By Dr William M Mathew
Paper given at Balfour Project Annual Conference
St. Chad`s College, University of Durham, 31 October 2015
In the limited time available I should like to make three basic points around this specific issue of fragility – and, in the process, move the emphasis away from the usual (and entirely proper) moral perspective on British deceit and Zionist presumption onto the more realpolitik consideration of Zionism`s acute sense of insecurity in its dealings with the British from the earliest Balfour days, and the critical implications of this for immediate and long-term Zionist political behaviour – with inevitably profound consequences for the Arab population of Palestine.
- The Declaration was, from its issuance in November 1917, through to its formal implementation in the finalised Palestine Mandate of September 1923, a decidedly fragile and uncertain official commitment, unsupported by any parliamentary vote, and presented without consultation with the resident population of Palestine.

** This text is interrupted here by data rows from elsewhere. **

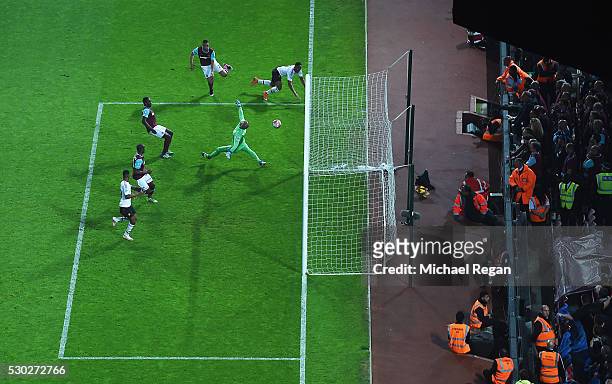 Anthony Martial of Manchester United scores their second goal past goalkeepr Darren Randolph of West Ham United during the Barclays Premier League...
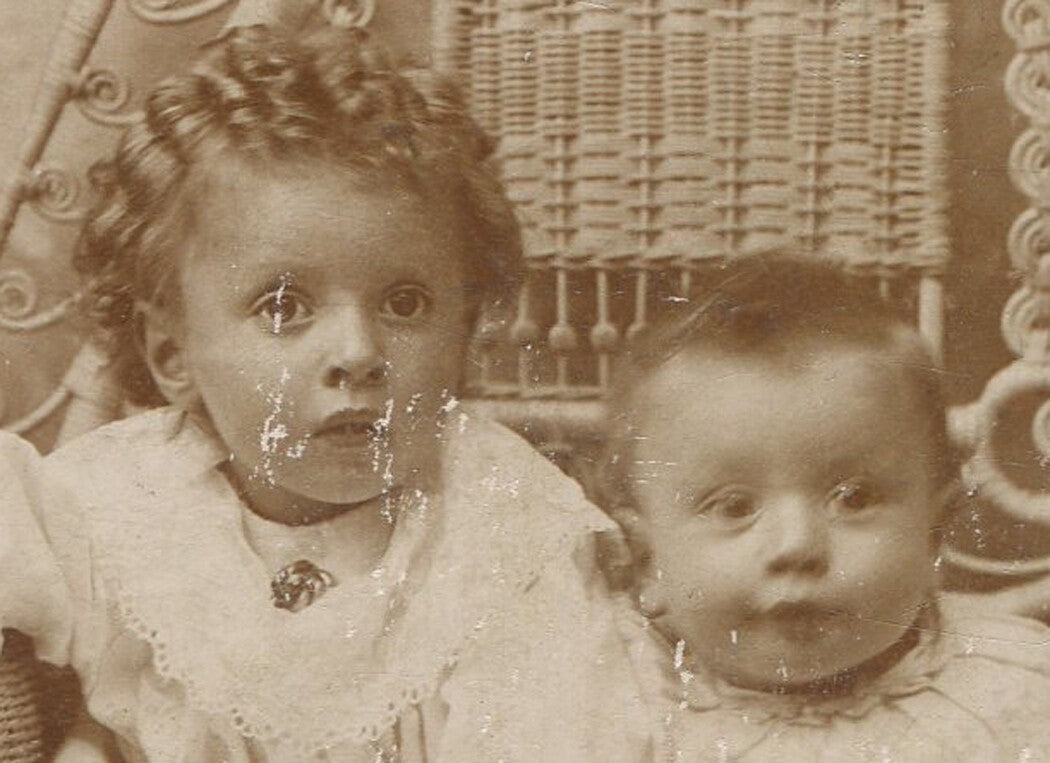 Vintage cabinet card photo: two very young siblings squeezed on wicker chair,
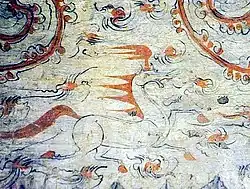 A horse painted into the heavens of the tomb.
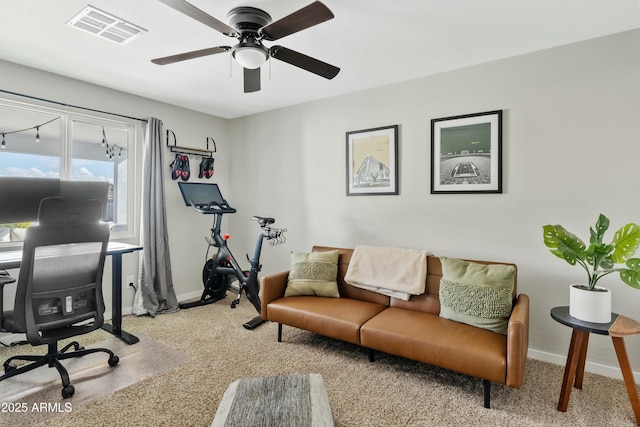 home office featuring light carpet, baseboards, visible vents, and a ceiling fan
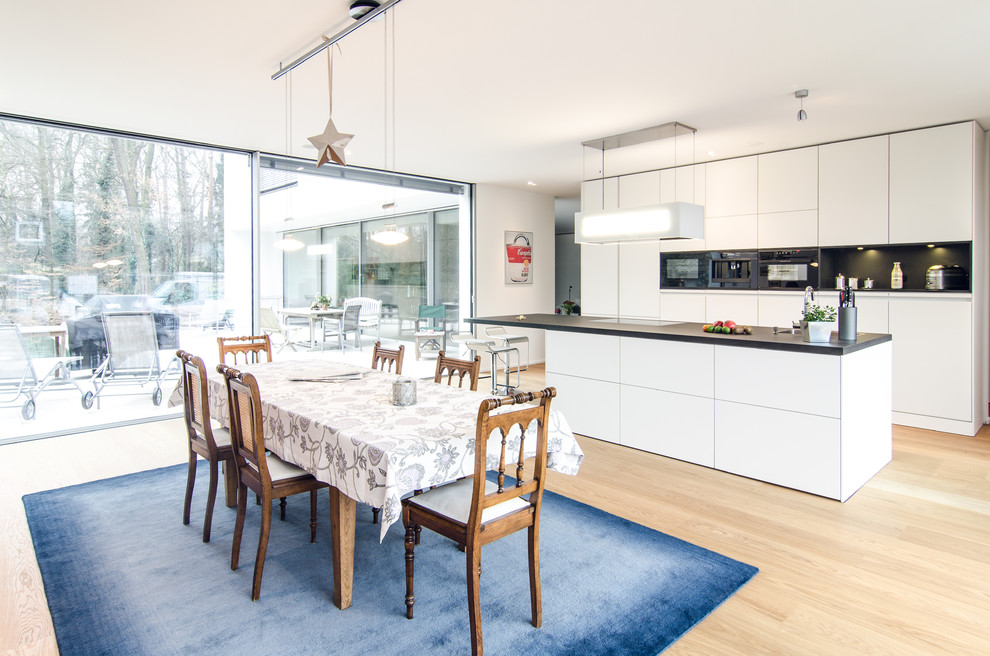 This is an example of a large contemporary open plan dining in Frankfurt with white walls, light hardwood floors, no fireplace and beige floor.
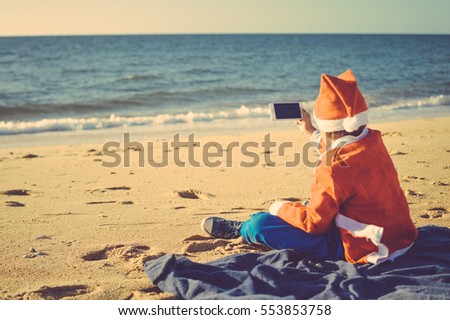 Child boy Santa Claus using mobile phone on ocean beach outdoors background, back view photo. Presents and gifts festive time new year holiday season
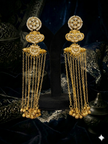 gold earrings with intricate designs
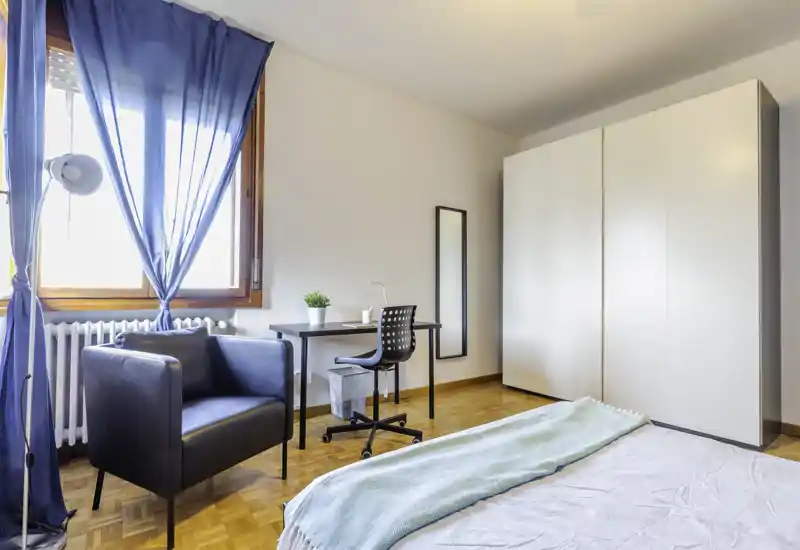 Camera da letto luminosa e moderna con letto parzialmente visibile, postazione di lavoro con scrivania e sedia, poltrona vicino alla finestra e grande armadio — ideale per chi cerca un alloggio funzionale e di stile.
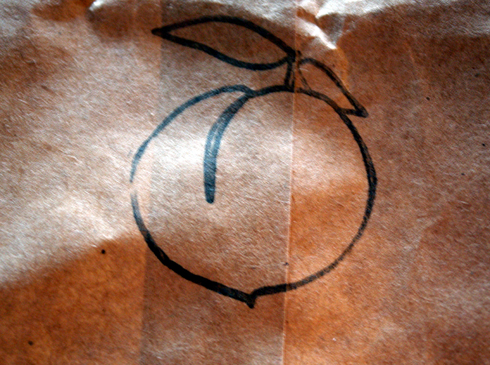 A paper bag with Momofuku's insignia.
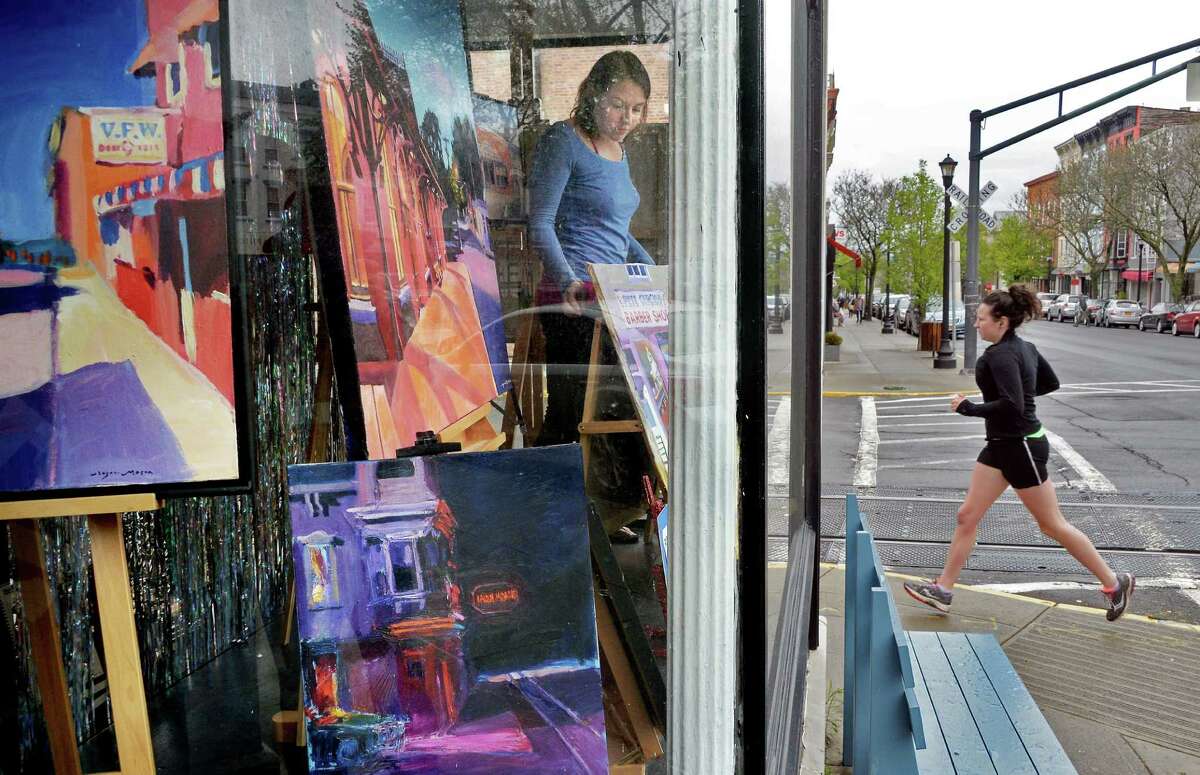 Amy Lavine, left, arranges paintings by New York artist Roger Mason in the window of her art supply and stationary shop, Sketch, on Warren Street Tuesday May 3, 2016 in Hudson , NY. (John Carl D'Annibale / Times Union)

- Because of that manifest fragility it needed, if long-term political confirmation was to be secured, a decisive rescue operation – but not one, in the circumstances, that could be conducted with much honesty, transparency, or fairness: and left largely to the colonial secretary Winston Churchill in the summer of 1922, his own ambivalent attitude to the Zionist project being well known, and his means of rescuing Balfour opportunistic and, to a degree, fraudulent.
- In consequence of such uncertainties, and in the general context of post-war confusions – around international treaties and mandates – Zionist leaders felt it necessary to resort to two particular courses of action:
- a) the rapid establishment of facts-on-the-ground, political as well as territorial, in Palestine, to serve as effective insurance against backpedalling in London; b) relentless, often intimidatory, lobbying in both London and Jerusalem (and both legitimised, subjectively at least, by a near-universal racism, unsurprising in a body of immigrants from the harsh, illiberal environments of Eastern Europe). Thus a twin-track approach that has become standard Zionist procedure ever since – with the focus being spread, over the decades, to a much larger area of Palestine, and to a wider spread of metropolitan capitals.
The fragile commitment.
First: the Declaration – a brief document of ambiguous meaning – had no roots in any preceding substantive historical process: it arose from a set of short-term, war-related contingencies; it was, in the words of one of Chaim Weizmann`s biographers, “one of the most improbable acts in the history of British foreign policy”.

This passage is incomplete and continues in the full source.